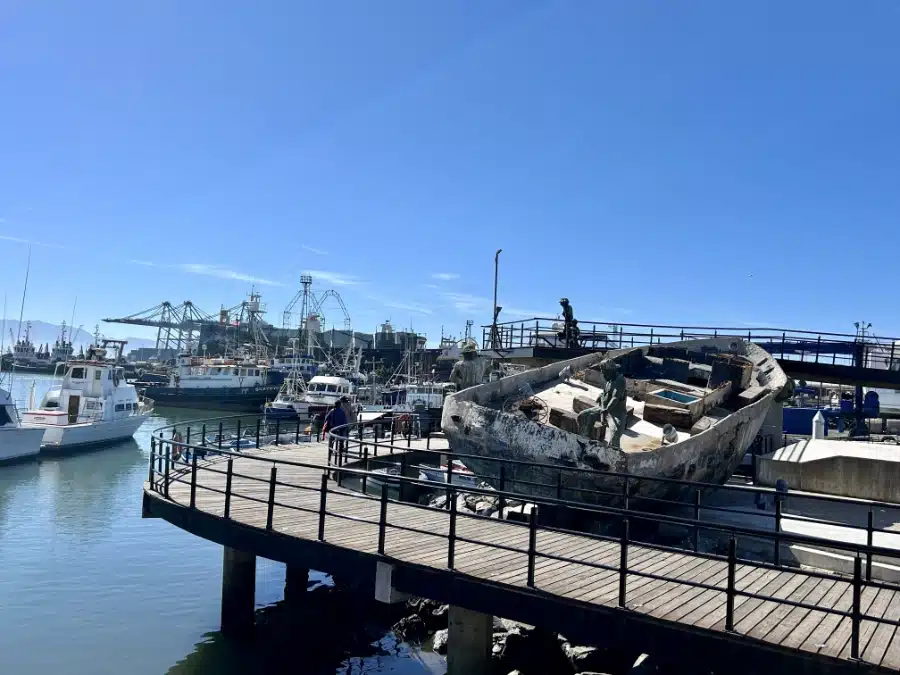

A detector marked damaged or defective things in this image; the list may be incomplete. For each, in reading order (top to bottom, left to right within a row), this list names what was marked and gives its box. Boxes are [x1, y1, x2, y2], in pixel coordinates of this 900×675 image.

peeling paint on hull [442, 340, 788, 504]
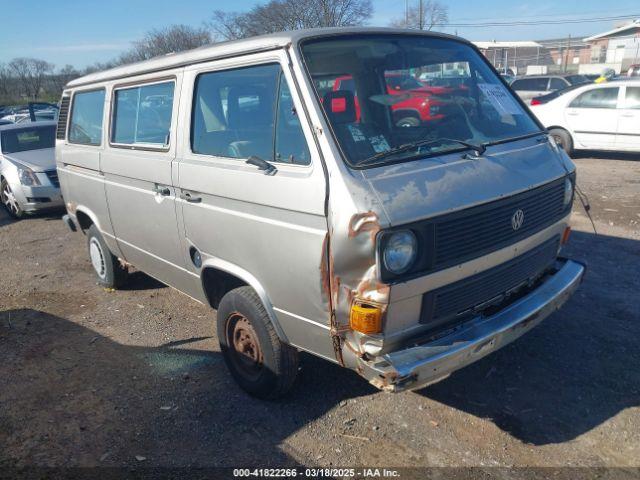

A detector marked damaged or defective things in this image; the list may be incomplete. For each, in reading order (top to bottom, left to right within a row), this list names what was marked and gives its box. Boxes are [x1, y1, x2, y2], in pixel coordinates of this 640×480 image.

rusty steel wheel [226, 314, 264, 380]
rusty steel wheel [218, 286, 300, 400]
damaged bumper corner [360, 258, 584, 394]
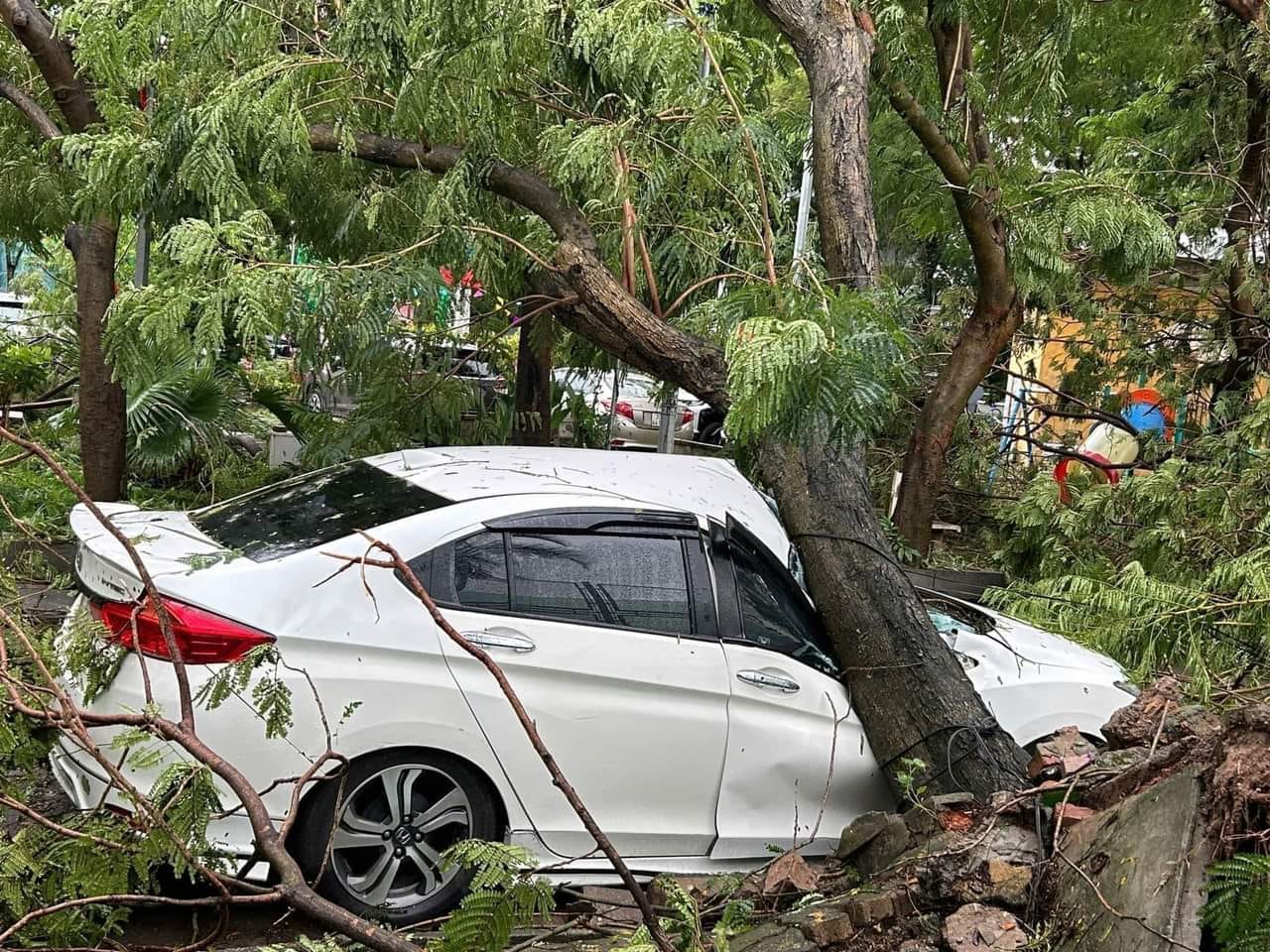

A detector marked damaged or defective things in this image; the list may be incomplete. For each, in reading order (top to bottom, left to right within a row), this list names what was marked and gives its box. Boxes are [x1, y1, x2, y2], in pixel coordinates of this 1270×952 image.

shattered window glass [195, 459, 454, 558]
crushed white car [55, 446, 1137, 923]
broken concrete slab [1046, 767, 1213, 952]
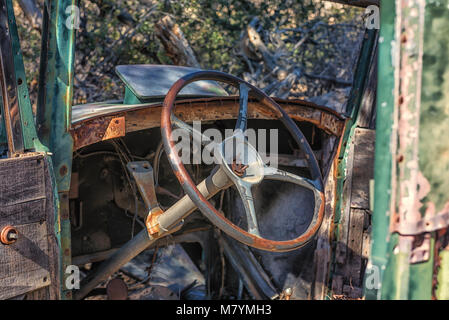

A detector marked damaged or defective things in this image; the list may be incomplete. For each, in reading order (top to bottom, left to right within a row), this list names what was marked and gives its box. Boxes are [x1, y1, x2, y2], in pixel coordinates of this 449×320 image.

rusted bolt [0, 225, 18, 245]
rusty steering wheel [163, 70, 324, 252]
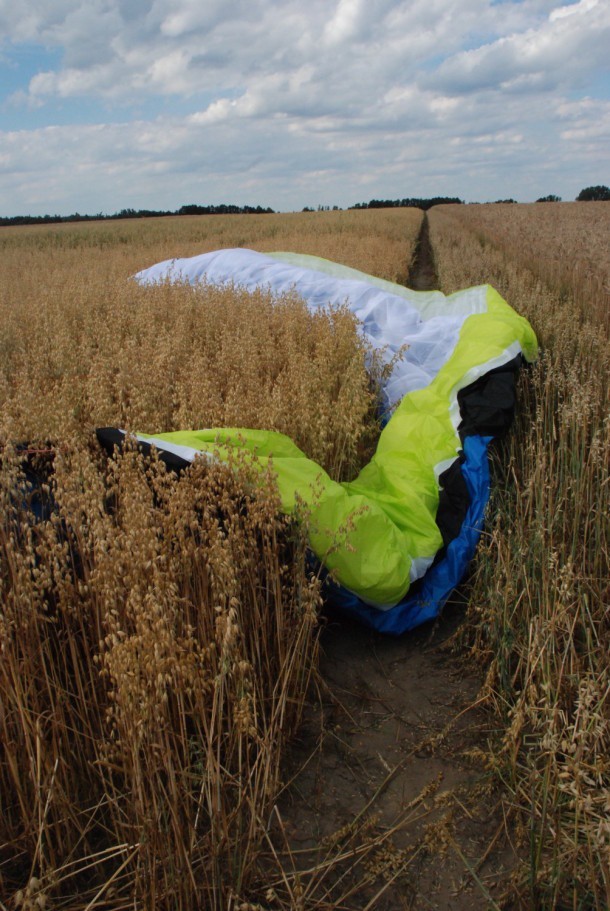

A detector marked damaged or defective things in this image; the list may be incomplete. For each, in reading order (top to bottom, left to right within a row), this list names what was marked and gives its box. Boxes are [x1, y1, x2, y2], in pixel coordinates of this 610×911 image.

crashed paraglider [92, 248, 536, 636]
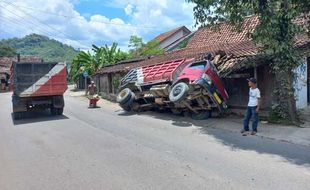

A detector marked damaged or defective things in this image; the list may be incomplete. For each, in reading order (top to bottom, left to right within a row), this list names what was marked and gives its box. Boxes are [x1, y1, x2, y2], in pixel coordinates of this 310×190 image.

overturned truck [10, 61, 67, 119]
overturned truck [117, 57, 229, 119]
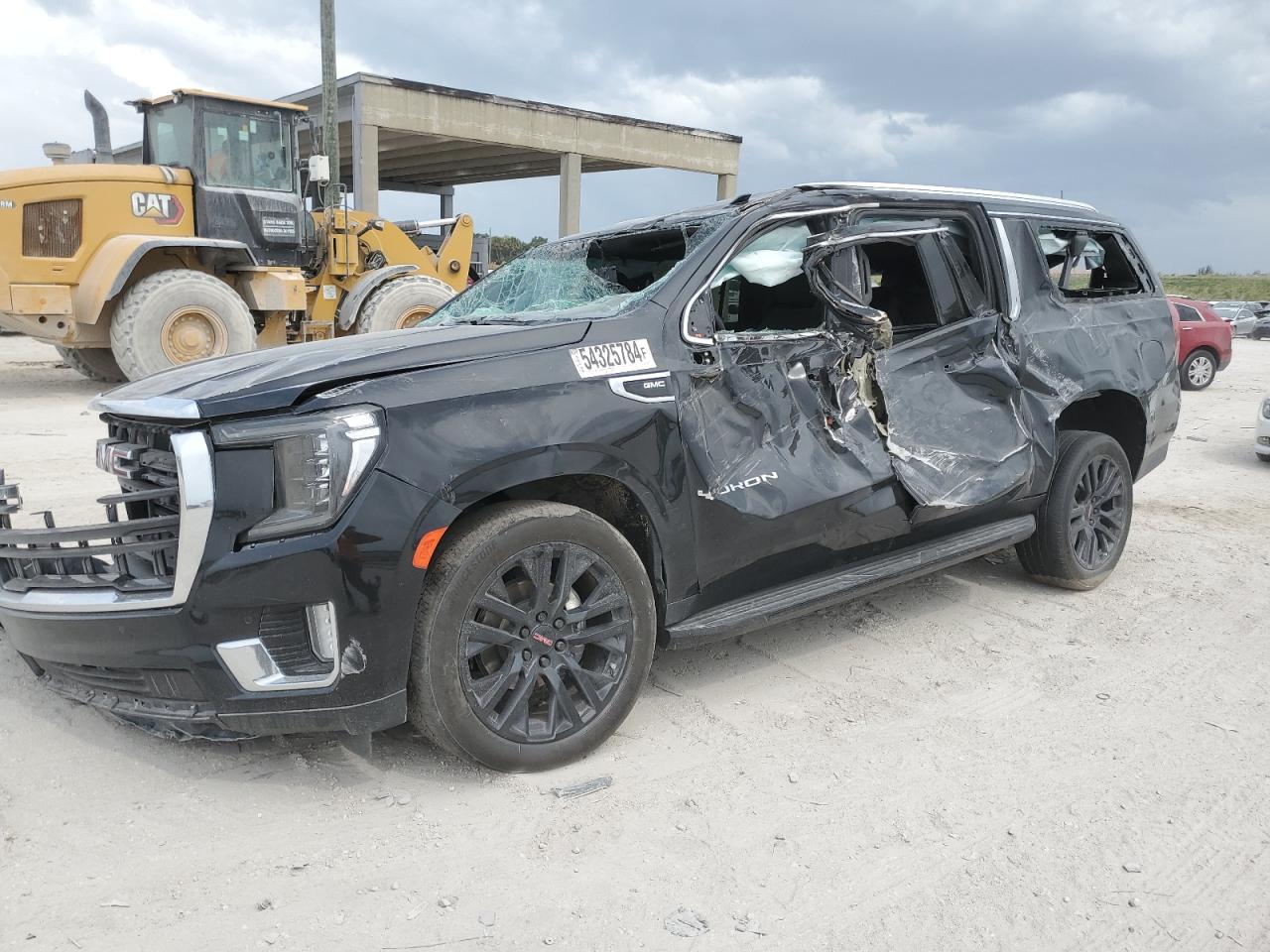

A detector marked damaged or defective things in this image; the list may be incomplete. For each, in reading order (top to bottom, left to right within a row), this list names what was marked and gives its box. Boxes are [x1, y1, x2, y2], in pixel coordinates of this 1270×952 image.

dented body panel [0, 182, 1178, 741]
damaged suv [0, 182, 1178, 772]
broken side window [1036, 225, 1148, 298]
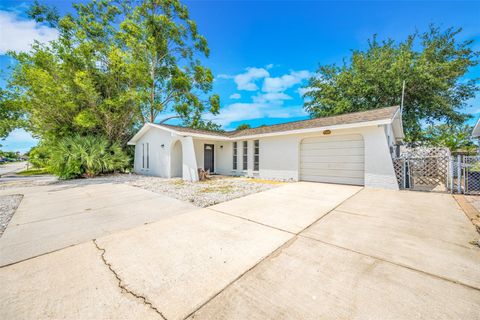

* **WHAT YOU HAVE TO DO**
Could you repeat word for word only the lines from the one that contains "this 610×911 image." through the end of the listing, leaving out the pictures?

* **WORKED SOLUTION**
A detector marked damaged or defective things in this image; the list may be incomplete. For each, in reading order (top to bottom, left to right within a row), this list names what was marked and gives its box. Boxes are [x1, y1, x2, y2], in pixel coordinates of this 610×911 image.

crashed paraglider [92, 248, 536, 636]

A detector marked damaged or defective things in this image; the list may be incomplete. For each, in reading order (top to bottom, left to right within a row), this list names what was marked and gives its box. Boxes are [x1, y1, x2, y2], in pixel coordinates of this 310×190 image.

overturned truck [10, 61, 67, 119]
overturned truck [117, 57, 229, 119]

A detector marked damaged or defective things in this image; the list may be incomplete. For each, in reading order (top to bottom, left to right within a row), this list names what was marked and gives its box. Boxes are [x1, y1, x2, y2], in pixel coordinates of this 1270×952 image.

dented body panel [0, 182, 1178, 741]
damaged suv [0, 182, 1178, 772]
broken side window [1036, 225, 1148, 298]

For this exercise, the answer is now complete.